## Exercise instructions
Reproduce the entries word for word, and omit any picture you find in them.

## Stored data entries
^^^^

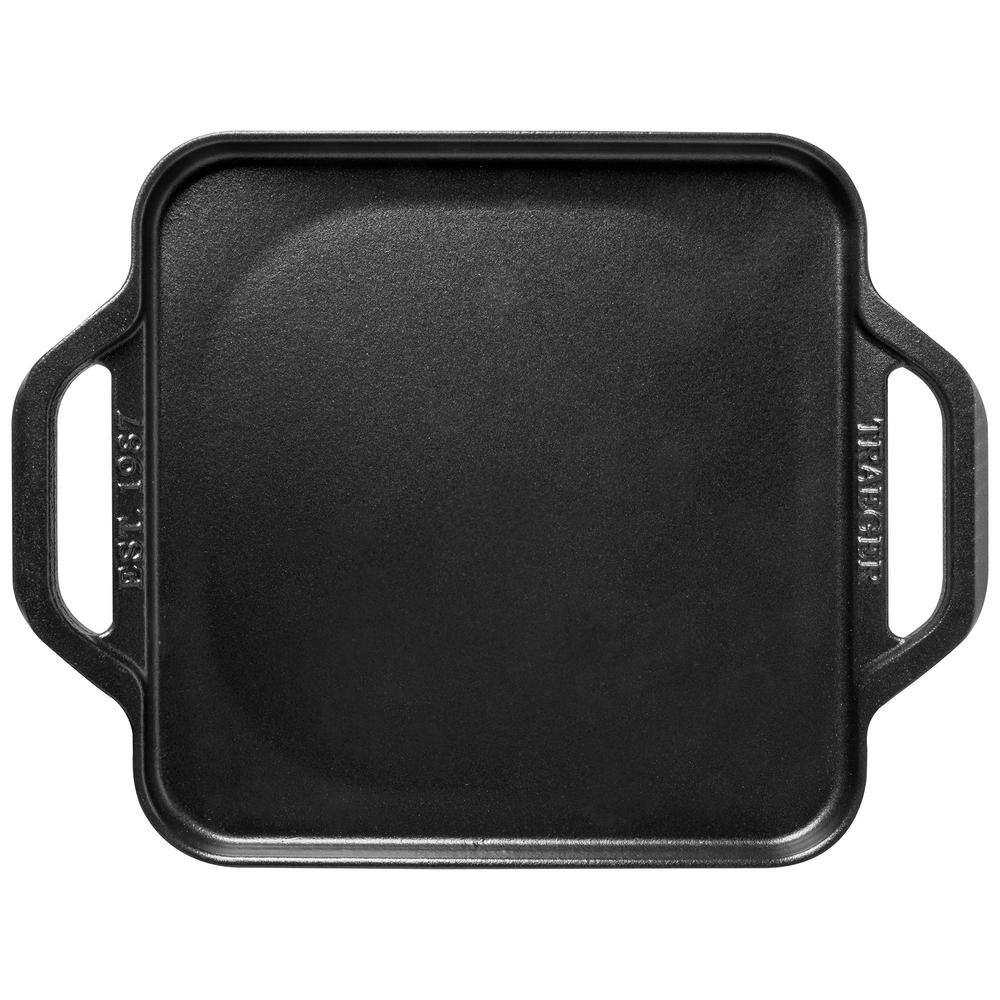 Induction Cast Iron Skillet - thumbnail 4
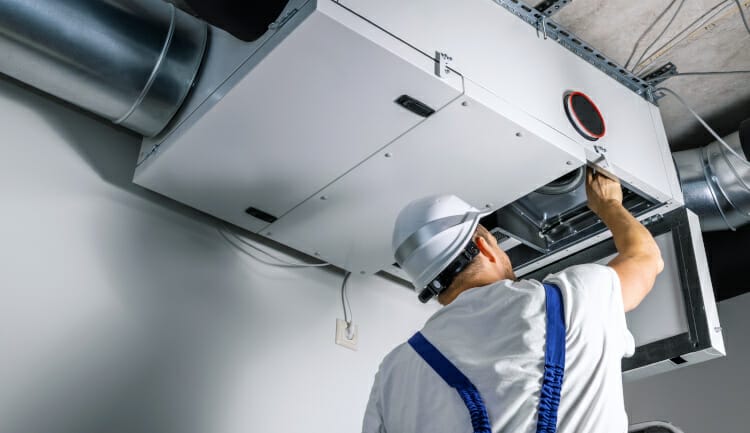 Cleaning equipment maintenance and repair services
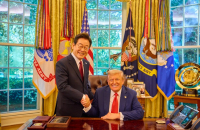 Lee, Trump end first summit on cordial note, but questions remain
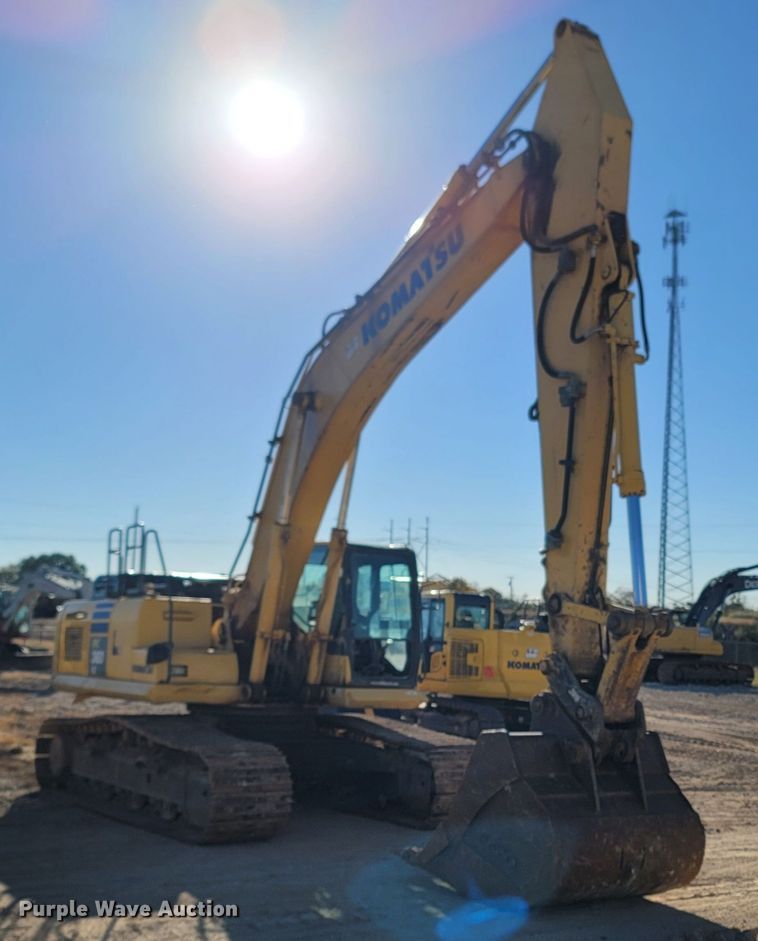 image for item LN9684 2012 Komatsu PC360LC-10  excavator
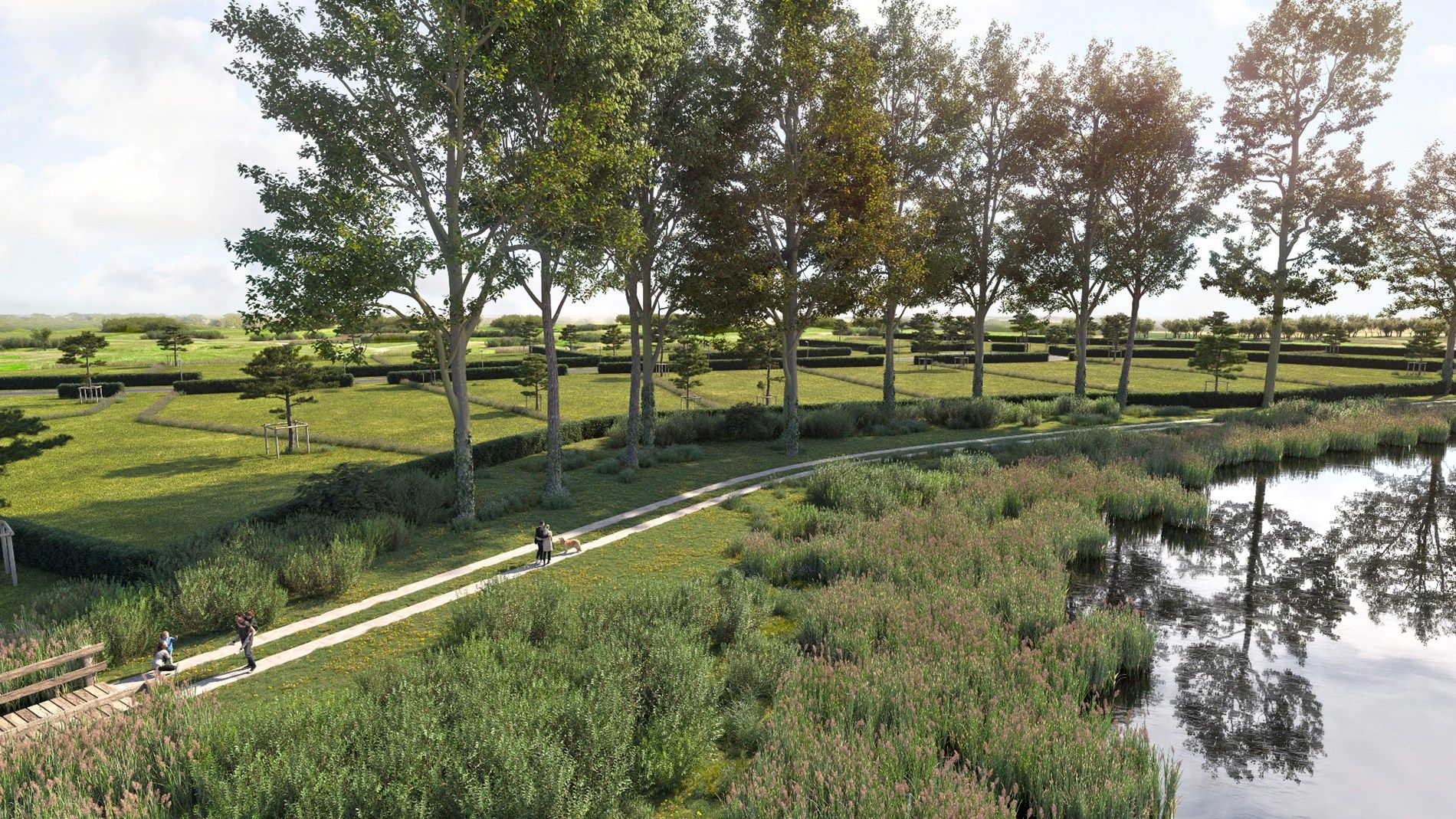 Bouwlot 4.07   -   perceel van 1.589 m² foto 4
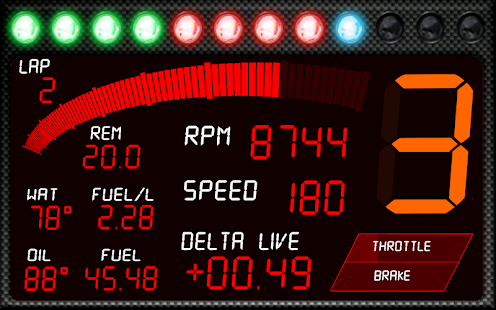 How to mod DashMeterPro for rF2 patch 1.8.6 apk for android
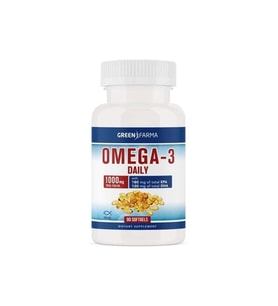 GREEN FARMA OMEGA 3 DAİLY 90 SOFTGEL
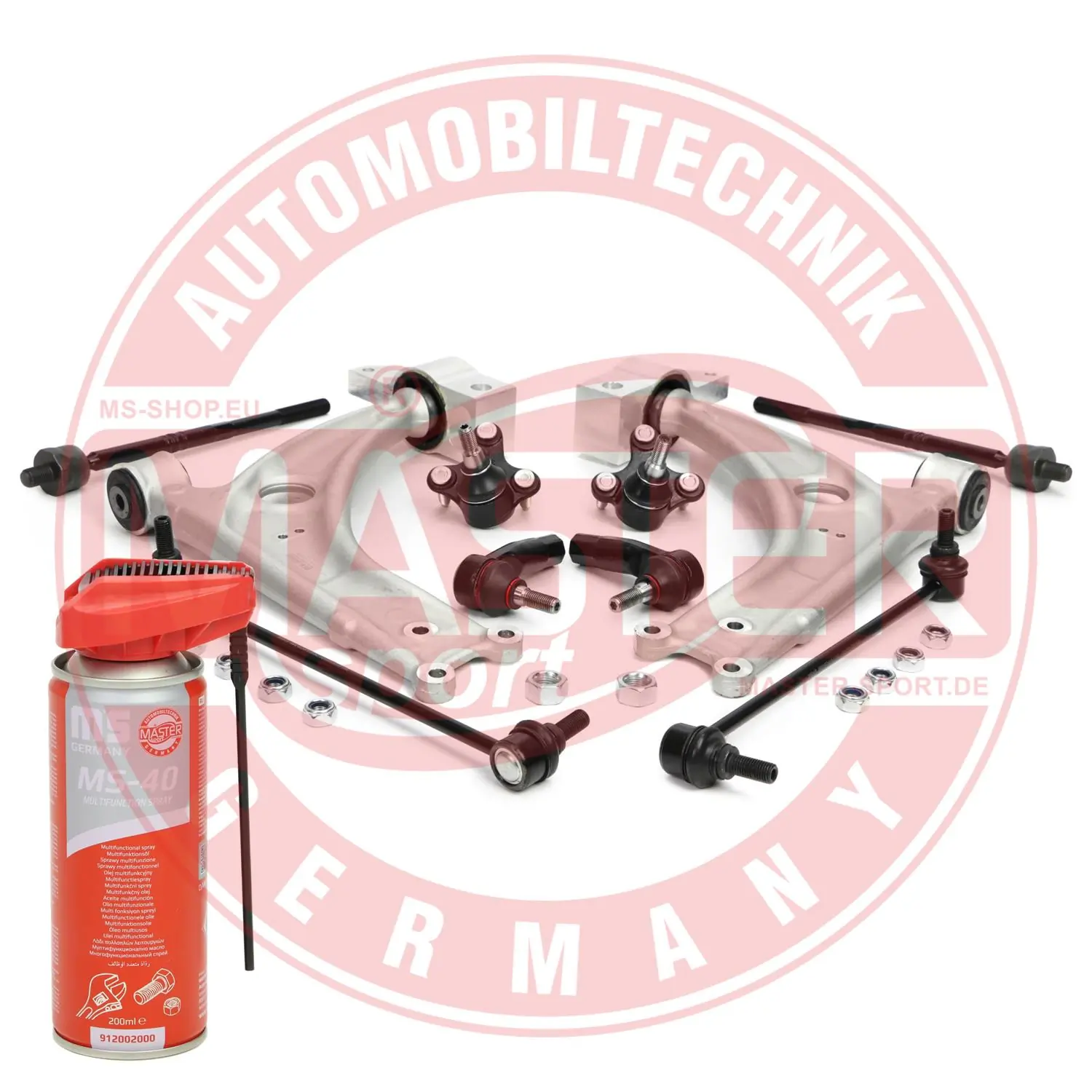 MASTER-SPORT GERMANY Vezetőkarkészlet, kerékfelfüggesztés - 36863/1-KIT-MSP - TothCarparts
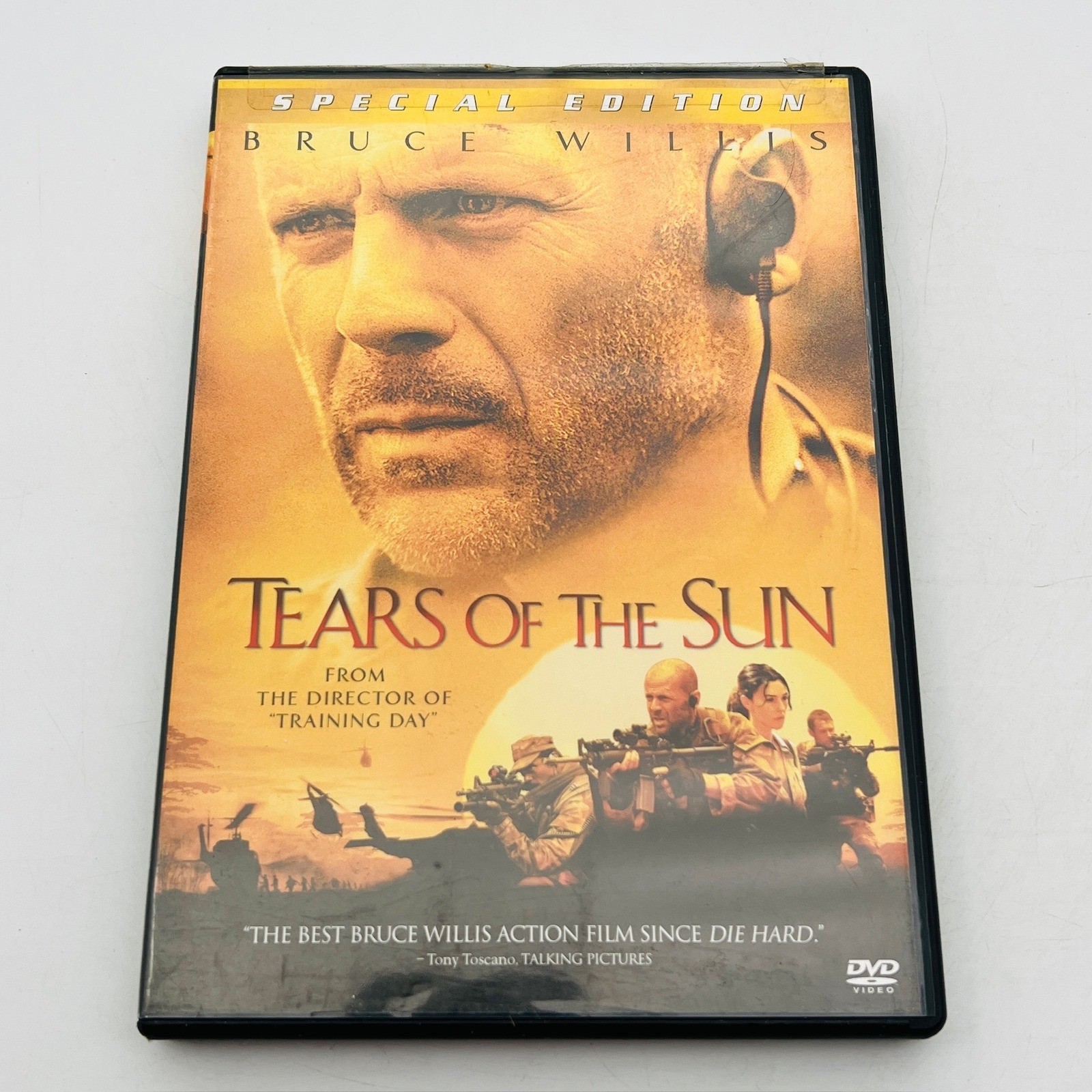 Tears of the Sun Special Edition DVD Bruce Willis Antoine Fuqua Action Movie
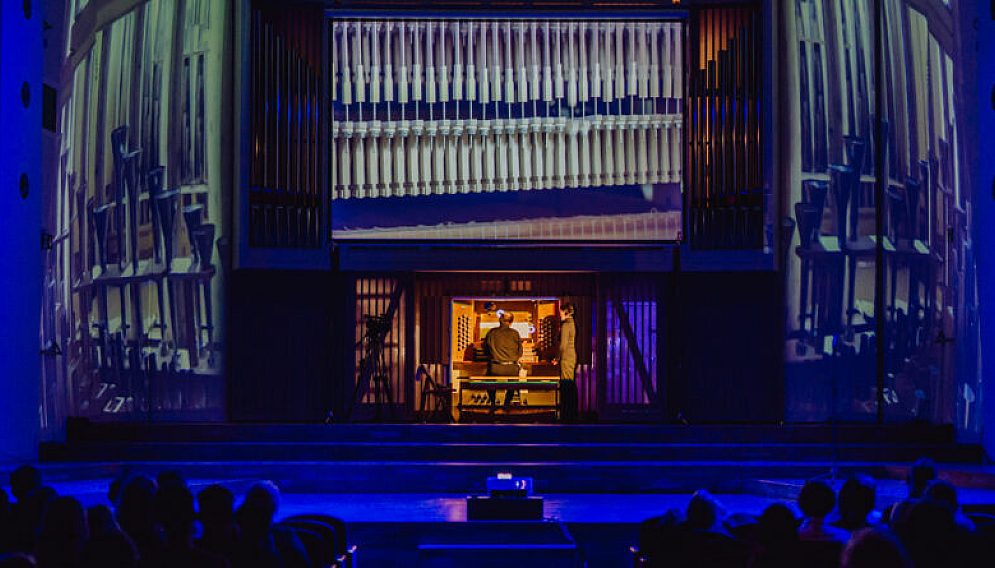 Multimedialny wieczor organowy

^^^^

## Exercise answer
 Induction Cast Iron Skillet - thumbnail 4
 Cleaning equipment maintenance and repair services
 Lee, Trump end first summit on cordial note, but questions remain
 image for item LN9684 2012 Komatsu PC360LC-10  excavator
 Bouwlot 4.07   -   perceel van 1.589 m² foto 4
 How to mod DashMeterPro for rF2 patch 1.8.6 apk for android
 GREEN FARMA OMEGA 3 DAİLY 90 SOFTGEL
 MASTER-SPORT GERMANY Vezetőkarkészlet, kerékfelfüggesztés - 36863/1-KIT-MSP - TothCarparts
 Tears of the Sun Special Edition DVD Bruce Willis Antoine Fuqua Action Movie
 Multimedialny wieczor organowy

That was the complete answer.